2. What steps have you taken to minimize the chances of defects in your dogs? You want to hear words like "screened" and "tested" and "certified." In breeds with the potential for hip dysplasia and that includes the IWS, look for Orthopedic Foundation for Animals (OFA) certification. These are expert, unbiased evaluators who know exactly what to look for. You can also go to www.offa.org and run a search on the parents of your puppy. This is the best resource as it will not only give information about hips but also other tests that were conducted on the parents such as elbow, thyroid and CERF (eye).
3. Do you have the parents on site? May I see them? This is a bit of a trick question. You should always be able to see the mother, unless she died giving birth, but reputable breeders often don't have the father on hand. That's because the best match for any particular dog may be owned by another breeder, and the female was sent away for breeding. This is especially true for IWS as there is a small breeding pool so the sire may be across the country or even in another country. As for the mother, she may be a little anxious with strangers around her puppies, but on her own you want to see a well-socialized, calm and well-mannered dog. So, too, should be the rest of the breeder's dogs. If you don't like the temperaments of a breeder's grown dogs, what makes you think you'll get a good temperament in one of the puppies?
4. What are the good and bad points of the parents and what titles do they have? You may be looking for a pet-quality purebred, but you still want to buy from someone who knows what top-quality examples of the breed are and uses such animals in a breeding program. You want to see show and working titles all over that pedigree. It doesn't matter if you go home and throw that fine pedigree in a drawer. Recent titles on both sides of a pedigree are the sign of a breeder who's making a good-faith effort to produce healthy dogs that conform to the breed standard.

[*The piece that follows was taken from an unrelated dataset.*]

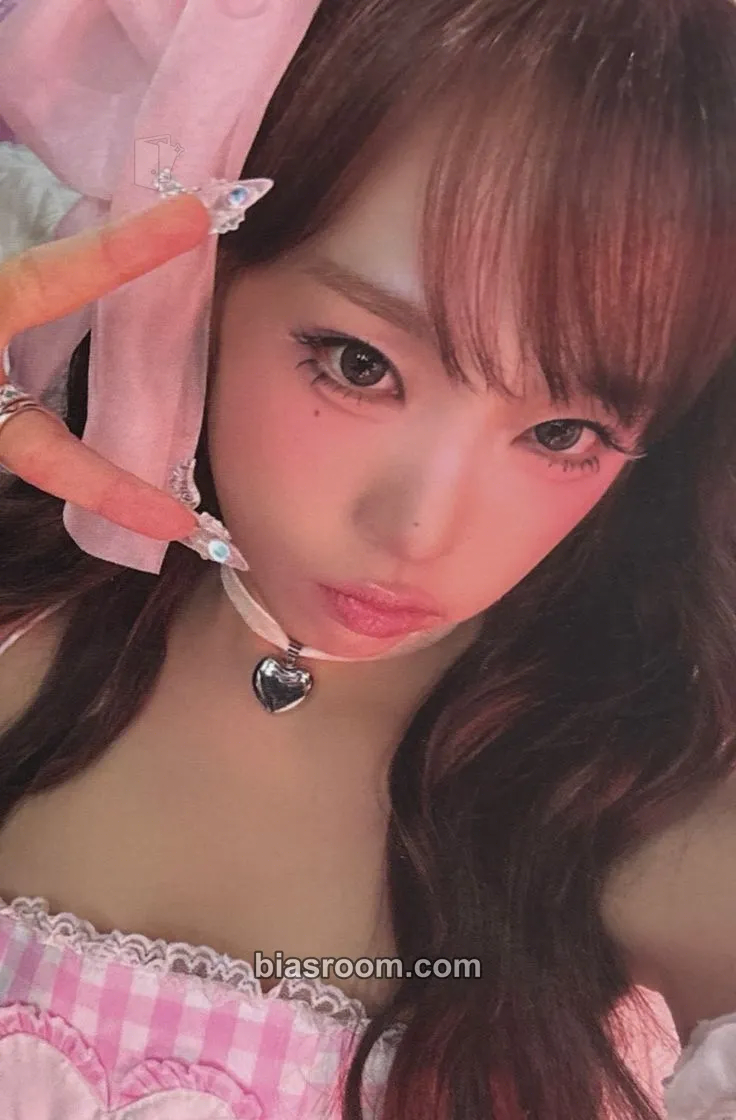 Yena Blooming Wings Photocard - Yena K-pop photocard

5. On what basis was the sire chosen? If the answer is "because he lives right down the street" or "because he is really sweet," it may be that sufficient thought was not put into the breeding. You want an explanation as to the temperament and conformation type of the sire and how it complements the dam.
6. Where were these puppies raised? How have you socialized them? "In the house" is the best answer to the first question. You want a puppy who knows what the dishwasher sounds like, whom you don't have to peel off the ceiling when a pan drops, who has set a paw on linoleum, carpet and tile. Environmental socialization is important, but so, too, is the intentional kind. The best breeders make sure puppies have been handled by adults of both genders and by children.
7. What guarantees do you provide? You want to see a contract explaining the breeder's responsibilities should the puppy develop a congenital ailment. In most cases, such contracts state either replacement with a new puppy or refunding of your purchase price. The contract also states your responsibilities, such as neutering your pet. You may also be required to return the dog to the breeder if you can no longer keep him. Such language is the sign of a concerned and responsible breeder. Read and discuss the paperwork with the breeder before you agree to the purchase. The best breeders offer contracts that protect not only the buyer and seller, but also the most vulnerable part of the transaction: the puppy.